**Your objective:**
The task calls for the lines from the start of the entries below through the line with "The error message", given again verbatim, with every picture dropped.

**Dataset extract:**
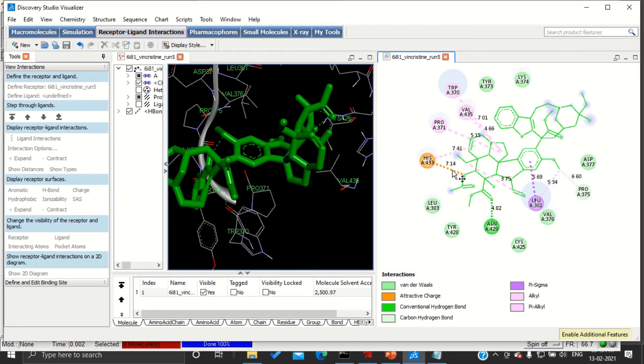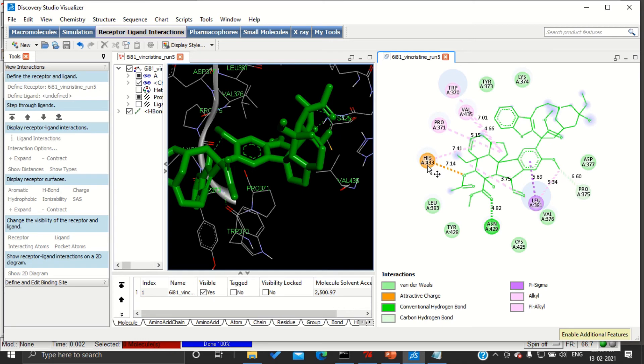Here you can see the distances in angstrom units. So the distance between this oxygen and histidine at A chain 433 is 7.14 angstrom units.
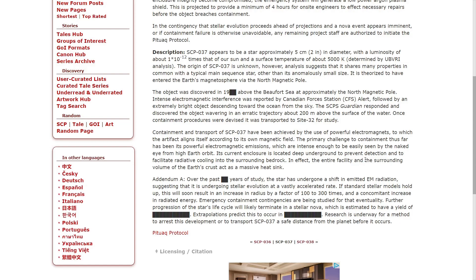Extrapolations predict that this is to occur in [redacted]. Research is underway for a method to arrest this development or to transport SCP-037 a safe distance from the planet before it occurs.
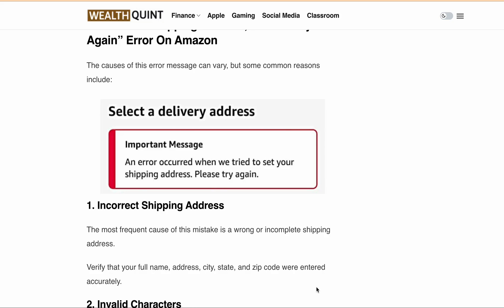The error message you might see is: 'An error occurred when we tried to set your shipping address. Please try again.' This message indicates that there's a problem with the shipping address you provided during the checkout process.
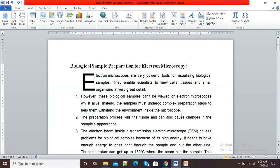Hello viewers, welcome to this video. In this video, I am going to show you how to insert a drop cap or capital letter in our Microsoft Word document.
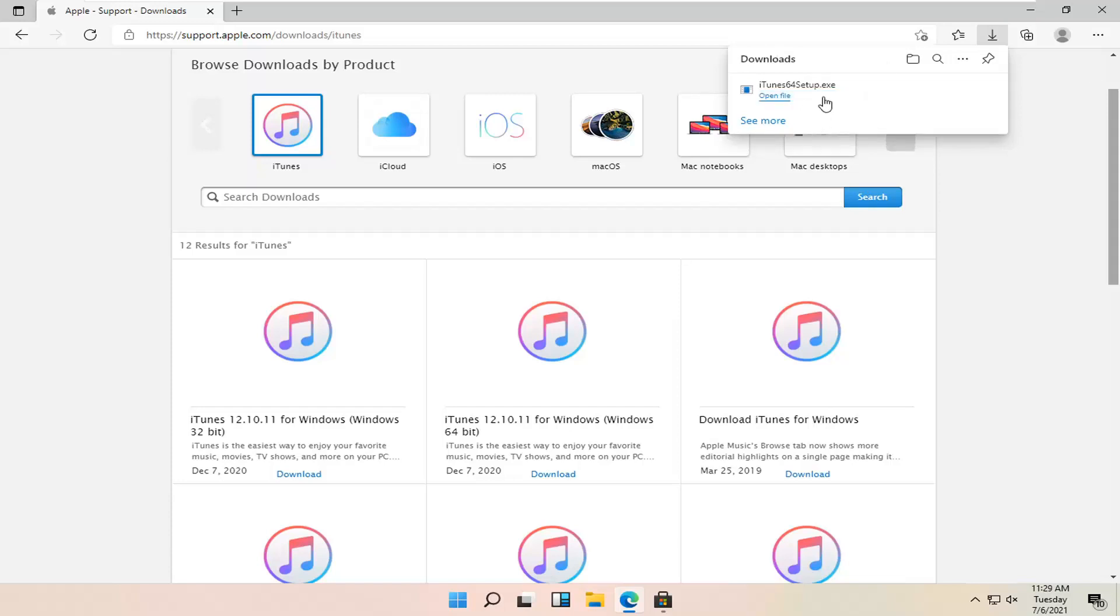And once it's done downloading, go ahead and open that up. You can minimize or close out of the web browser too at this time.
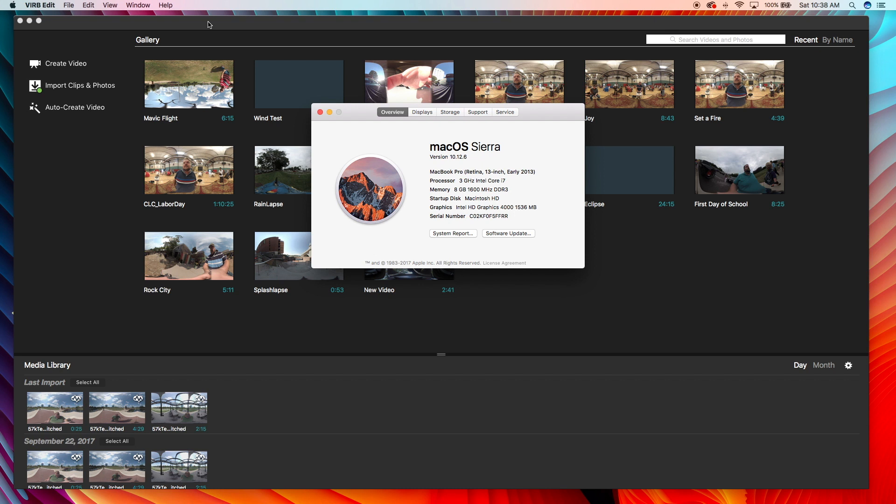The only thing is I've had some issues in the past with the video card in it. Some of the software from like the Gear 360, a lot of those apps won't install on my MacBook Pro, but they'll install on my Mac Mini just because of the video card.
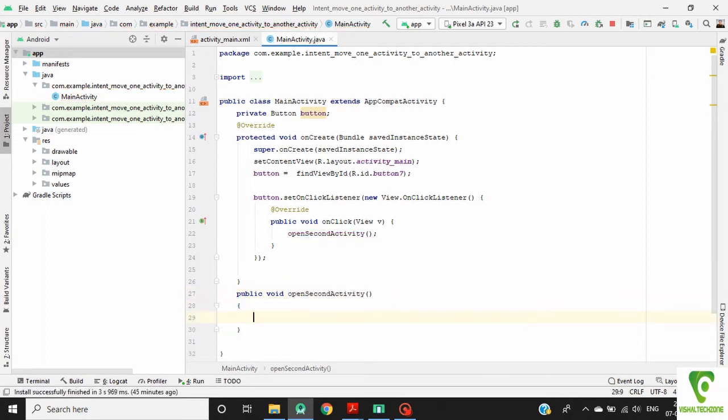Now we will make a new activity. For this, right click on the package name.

**Completed exercise:**
Here you can see the distances in angstrom units. So the distance between this oxygen and histidine at A chain 433 is 7.14 angstrom units.
Extrapolations predict that this is to occur in [redacted]. Research is underway for a method to arrest this development or to transport SCP-037 a safe distance from the planet before it occurs.
The error message you might see is: 'An error occurred when we tried to set your shipping address. Please try again.' This message indicates that there's a problem with the shipping address you provided during the checkout process.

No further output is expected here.